Audiences and writers willingly embrace the make-believe of stage drama, because it frees them to construct a version of reality. Discuss how Marlowe uses the beliefs and theatrical experiences of his audience to present a challenge to prevailing morality.
How does Marlowe combine traditional theatrical forms with modern dramatic techniques to challenge his contemporary audiences?
What should i look at for either essays to answer the question properly??
They are interesting questions! For the first question, in order to understand how Marlowe uses the beliefs and experiences of his audience, you'll need to know what they are. What were audiences of the 16th century like? They generally held strong religious beliefs, so that provides a clue to prevailing morality; what were their theatrical experiences? What types of plays were they accustomed to at that time? How is Marlowe's work similar or different?
For the second question, you'll want to explain the tradition theatrical forms--what they were, how they were used, and then contrast those with the modern techniques in use at that time. How were they different? Does Marlowe use elements of both? Is it effective?

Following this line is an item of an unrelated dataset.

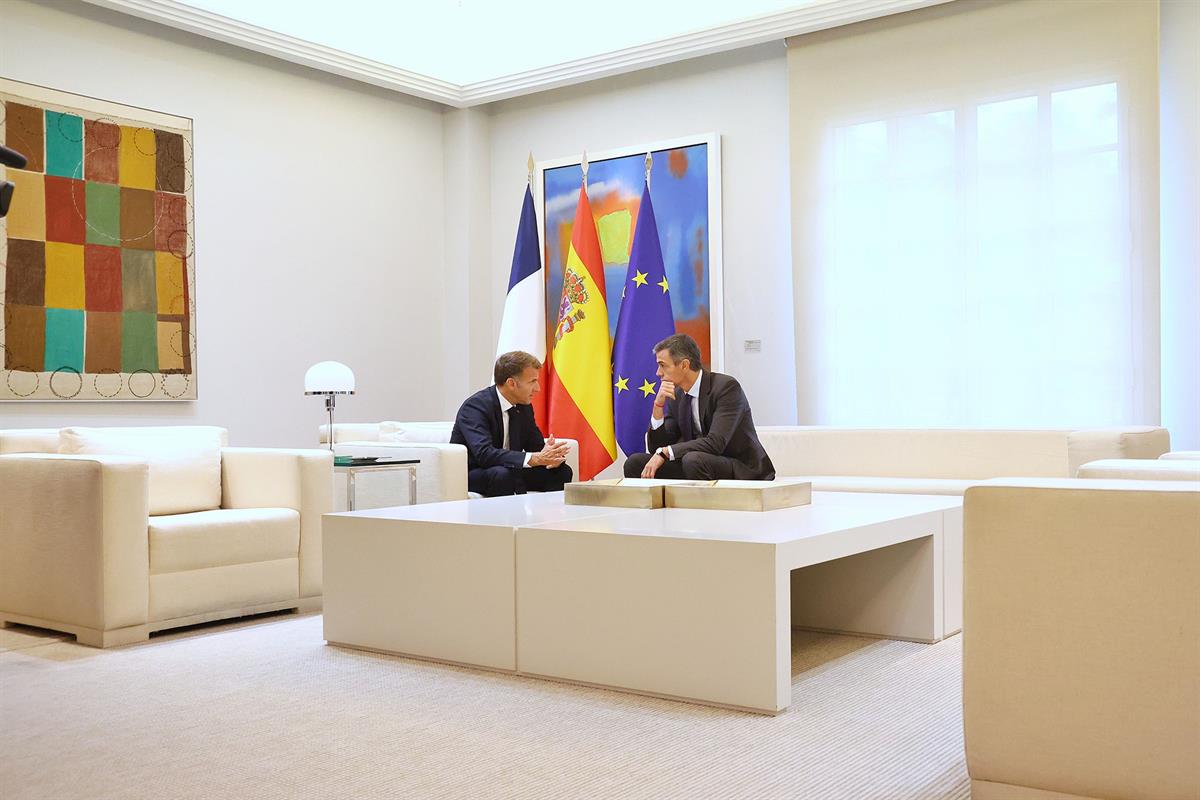 El presidente del Gobierno, Pedro S&aacute;nchez, y el presidente de la Rep&uacute;blica Francesa, Emmanuel Macron, reunidos en La Moncloa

The first question has a more philosophical slant, whereas the second is more technical. Choose the one which appeals to you more on that basis.
I hope this helps!
I've decided to change topics as these two were rather too difficult for me,
so i've decided to do "Is the epilogue's warning to the audience confirmed by the tone and events of the play as a whole?"
I think this topic is much more straight forward but i'm struggling to think of a few main points to focus on. Where do you think I should start?

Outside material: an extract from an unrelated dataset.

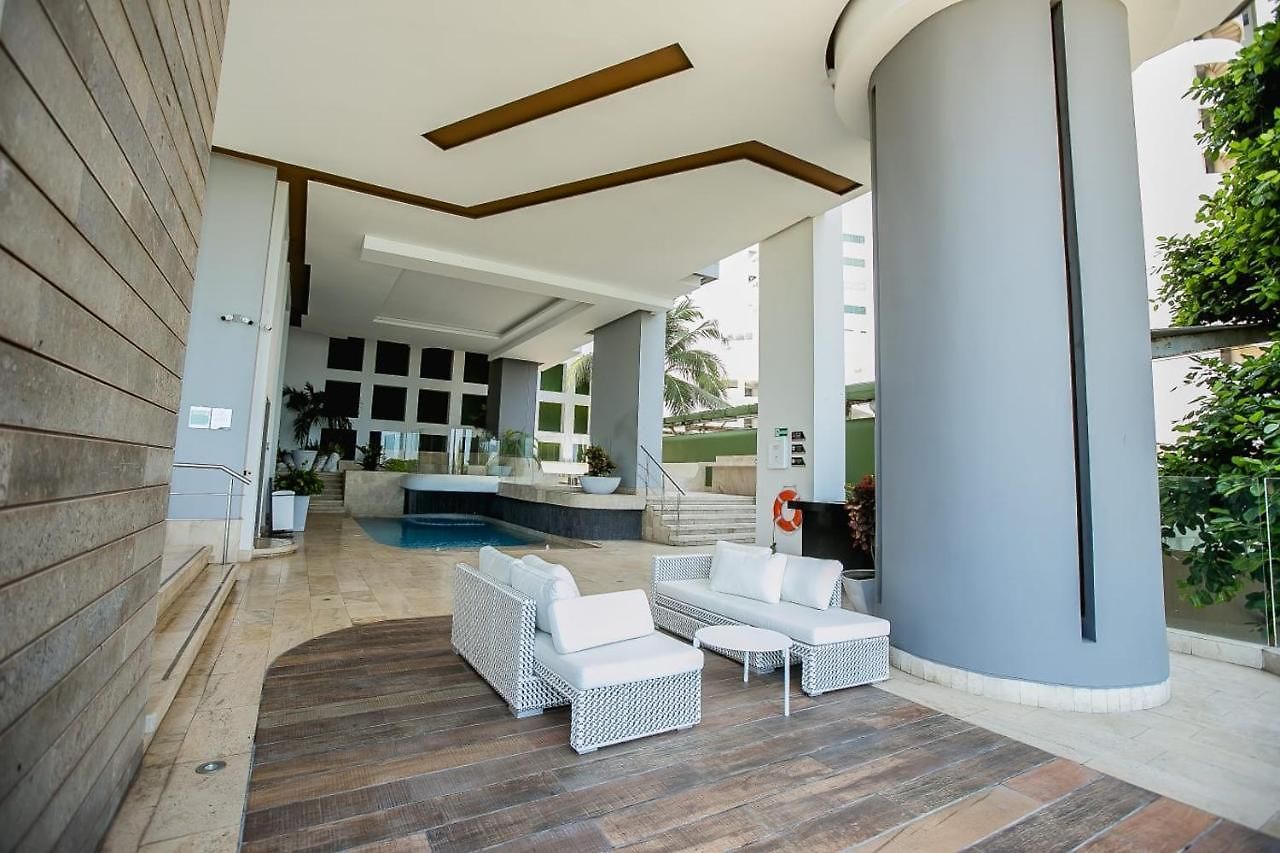 En Edificio Murano Elite Frente A Playas De Bocagrande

Thanks alot for your help again,
PS: I promise i'll stick to this topic!!
It's good to be able to pick a topic you are more comfortable with. :-) You might want to begin by considering the audience of the 16th century. This would not have just been fantasy to them, but something which they would take seriously. Protection of one's immortal soul was an important concept in those days, and the Devil was considered a real threat. The prospect of spending eternity in the fiery pits of hell was a sobering thought. When you consider the tone and events of the play, keep this in mind.
I hope this helps!
Hi pete2321 and EF_Team2,
By the way thank you for lending me your name pete2321 :-) (even though i didnt ask permission, I'm sure you dont mind?).
But, regarding the topic, I am also studying Doctor Faustus and have been trying to use the "epilogue" question as a practice question, although I have ended up finding it incredibly confusing. In an essay like this, since there doesn't seem to be much discussion which can be had around the answer "yes" as it is easily justified, would it be fair then to branch out into discussing dramatic and other writing techniques in more detail? Also, can you please complete your sentence EF_Team2? "The prospect of spending eternity in the fiery pits of hell was a ..."

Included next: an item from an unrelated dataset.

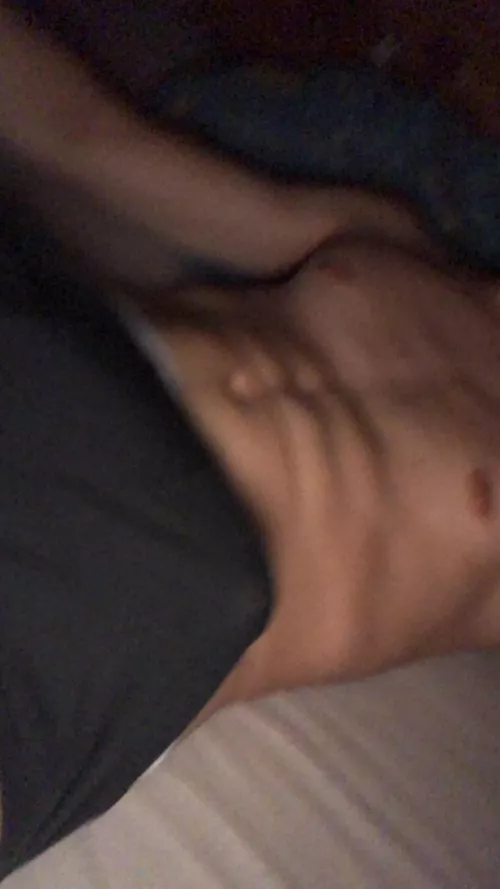 18, Anyones come to groupchat? Add me and send me a pic of your body. Snap: zeti_2004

Thanks for pointing that sentence out! I edited it so it is not left hanging there forever...in the fiery pits... :-)
Yes, I think you can branch out, provided that, in doing so, you address the question. If your answer is yes, the epilogue's warning to the audience is confirmed by the tone and events of the play as a whole, then you will want to go on to give examples of why that is true. How is the tone conveyed? Which events confirm it?
I think you're on the right track with your thoughts of "dramatic and other writing techniques." See how many you can find to support your answer.